Nowadays you'll be lucky to find even one, even using the cross-server dungeons. (Which believe me, those of us on Wasteland EST PvP servers like Dentarg are saying "...ABOUT FREAKING TIME!!!" for - we wanted those back in 2007!)


----------



## Ishnuvalok (Dec 28, 2009)

Runefox said:


> Welcome to World of Warcraft, where "dude, the game doesn't begin until level 40". After two weeks of grinding, I was at level 17,



Two weeks of grinding, lvl 17.....what

Now question is, what was your total playtime in those two weeks? 4 hours?


----------



## StarGazingWolf (Dec 28, 2009)

I for one will be looking forward to XIV, I just don't like Warcraft since they decided to get all weird looking since III. If WoW had been similar in style to the artwork for Warcraft II I would have been all over it.


----------



## Runefox (Dec 28, 2009)

Ishnuvalok said:


> Two weeks of grinding, lvl 17.....what
> 
> Now question is, what was your total playtime in those two weeks? 4 hours?



It took me like 4 hours to go up a level. Griiiiiiindfest.

Most people seem surprised by that, but I'm surprised at their surprise. It seems like perhaps WoW players have a different concept of time.


----------



## Digitalpotato (Dec 28, 2009)

Runefox said:


> It took me like 4 hours to go up a level. Griiiiiiindfest.
> 
> Most people seem surprised by that, but I'm surprised at their surprise. It seems like perhaps WoW players have a different concept of time.



....4 hours to go up one level?

...I still find that hard to believe - especially the first 12.


----------



## Azbulldog (Dec 28, 2009)

With the changes set forth in the last major content patches that drastically reduced the experience and time needing to level up..taking four hours to level doesn't happen until you're way up there, aside from having knowledge on where to find quests and other things. For me at least, getting to level 10 alone doesn't take that long.


----------



## BloodYoshi (Dec 28, 2009)

Runefox said:


> It took me like 4 hours to go up a level. Griiiiiiindfest.
> 
> Most people seem surprised by that, but I'm surprised at their surprise. It seems like perhaps WoW players have a different concept of time.



if it took you that long to go up a level then yeah, wow isn't for you


----------



## Digitalpotato (Dec 28, 2009)

Azbulldog said:


> With the changes set forth in the last major content patches that drastically reduced the experience and time needing to level up..taking four hours to level doesn't happen until you're way up there, aside from having knowledge on where to find quests and other things. For me at least, getting to level 10 alone doesn't take that long.

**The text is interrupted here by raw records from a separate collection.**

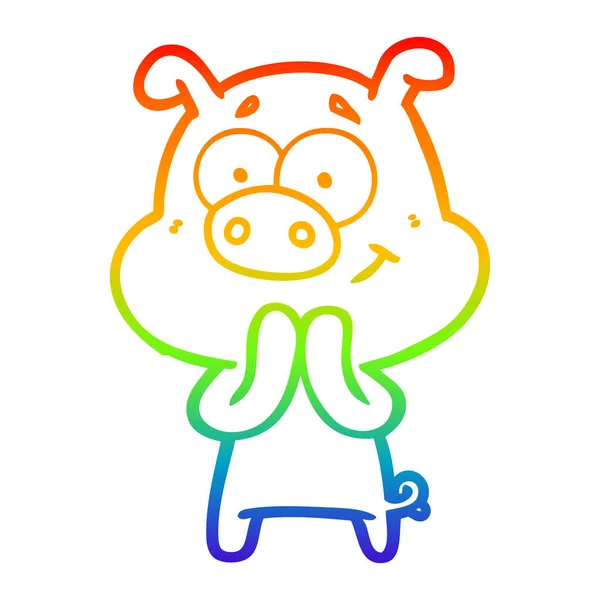 Радужная градиентная линия, рисующая счастливую мультяшную свинью — стоковый вектор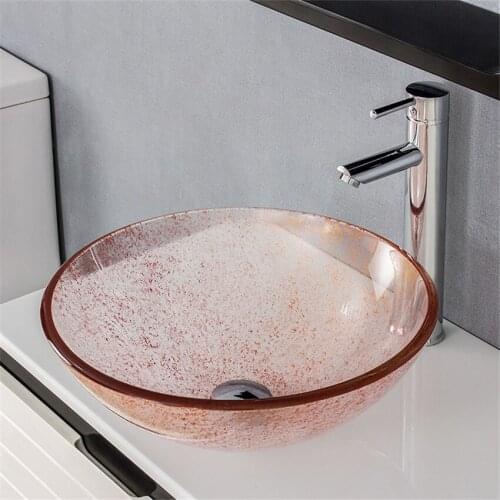 Modern art Bathroom Washbasin Countertop Tempered Glass Basin Sink Faucet Set Washroom Vessel Vanity Bar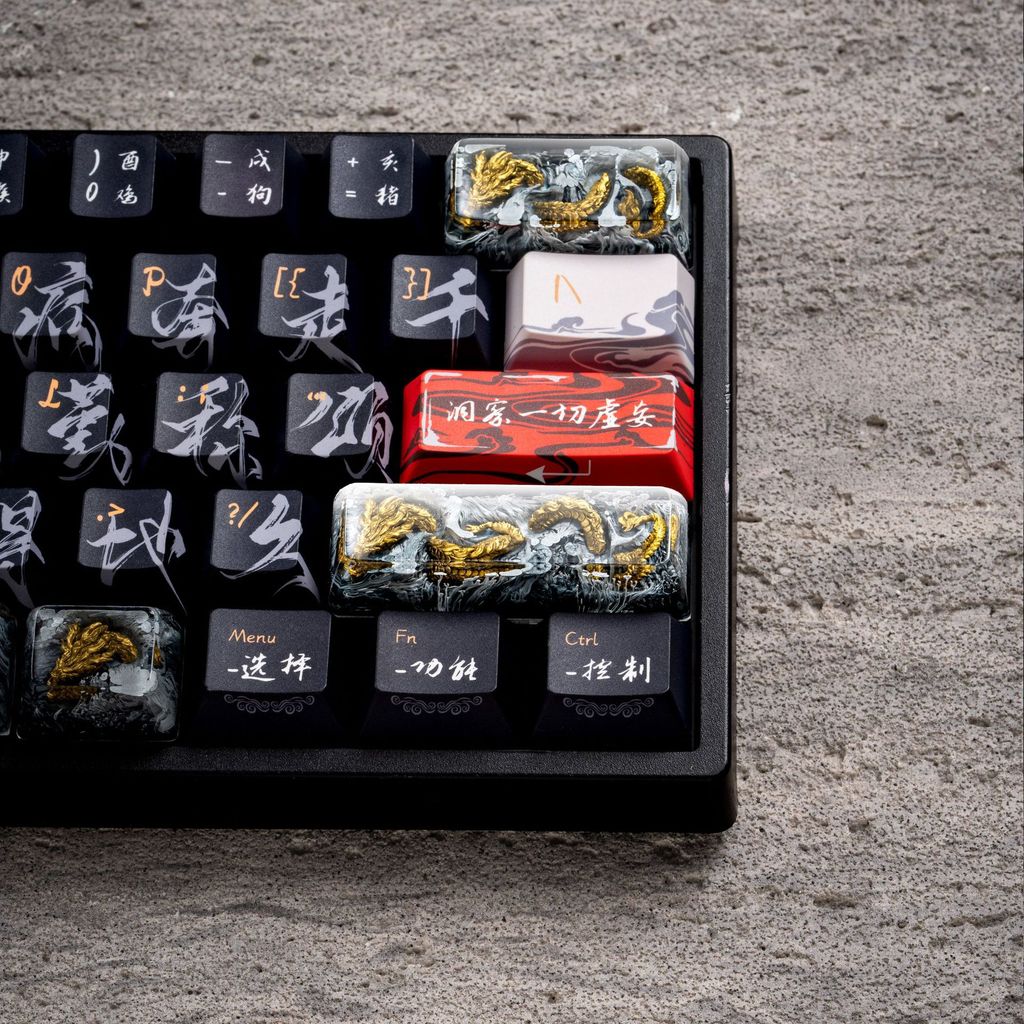 Keycap Artisan Rồng Vàng Resin Thủ Công Golden Dragon Series | KCAP - World of keycaps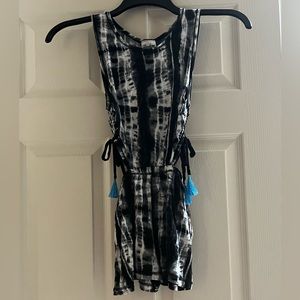 NWT - Random Hearts - Tie-Dye Side cut-out Romper - Girls Size Large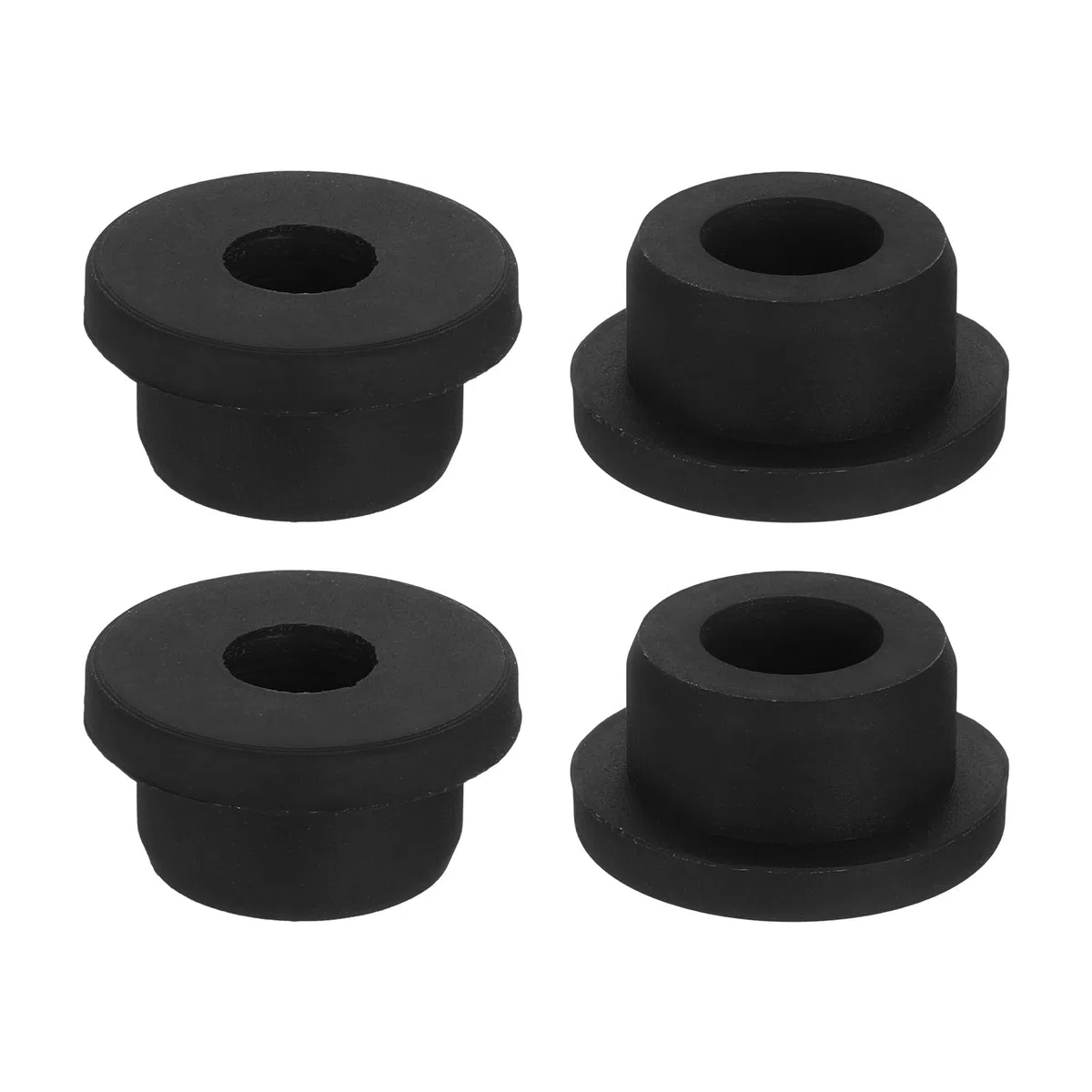 QUARKZMAN 4 Pezzi Occhielli in Gomma 21mm Foro di Perforazione, Passacavi Guarnizione 12mm ID Gommini Passacavo Scrivania Nero Siliconica per Tappo Organizzare Filo Cablaggio Casa Auto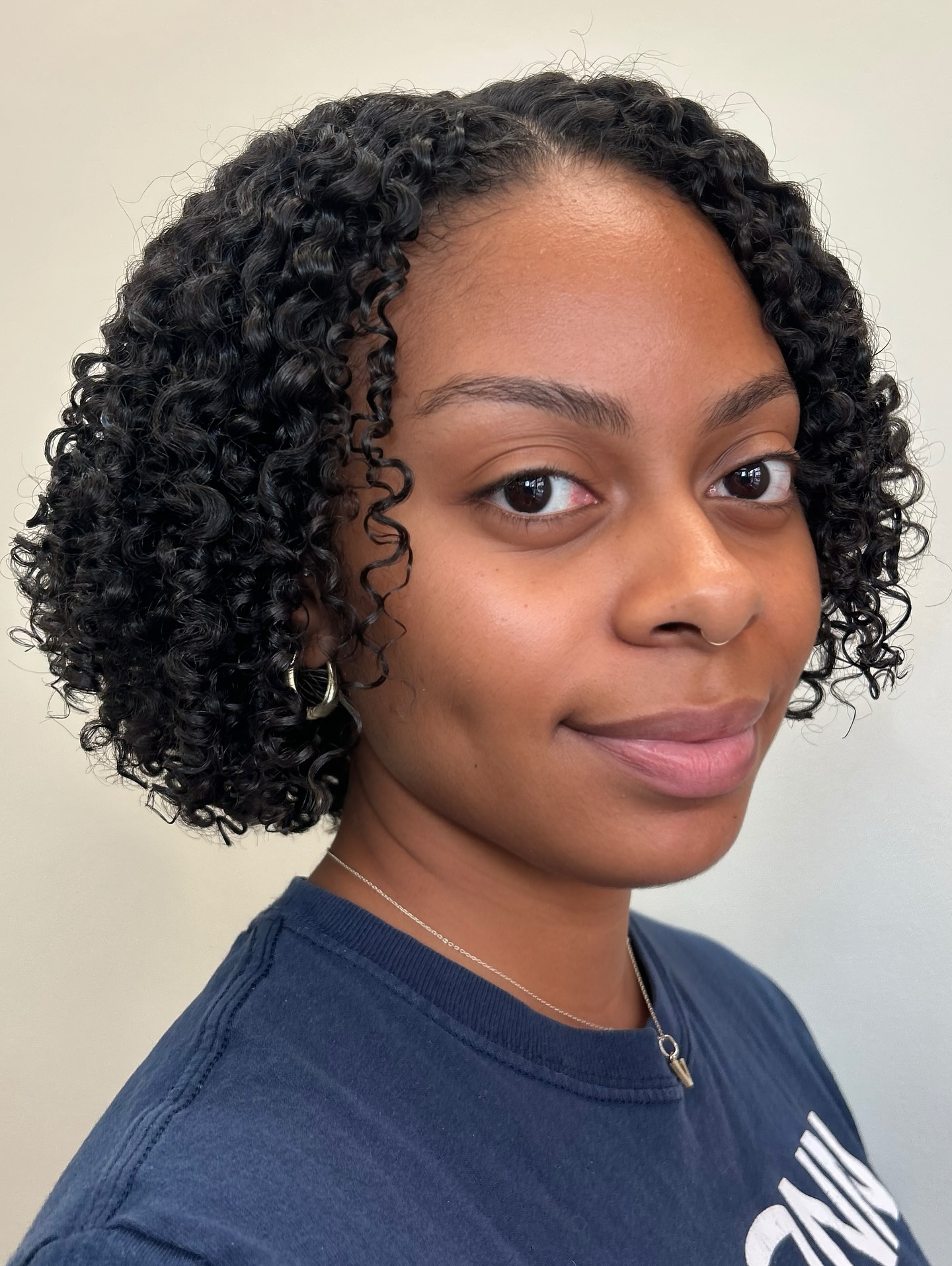 Textured Natural Curly Bob with Defined Curls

Maybe they were playing on Launch day when they intended you to take your time?

Also, not having knowledge is void - With a few exceptions, most quests literally tell you RIGHT THERE what to do for it and where to find the objectives - And even if that's not enough you can just track it, which only saves you a trip to Thottbott or Wowhead and nothing else.


----------



## Runefox (Dec 28, 2009)

> Maybe they were playing on Launch day when they intended you to take your time?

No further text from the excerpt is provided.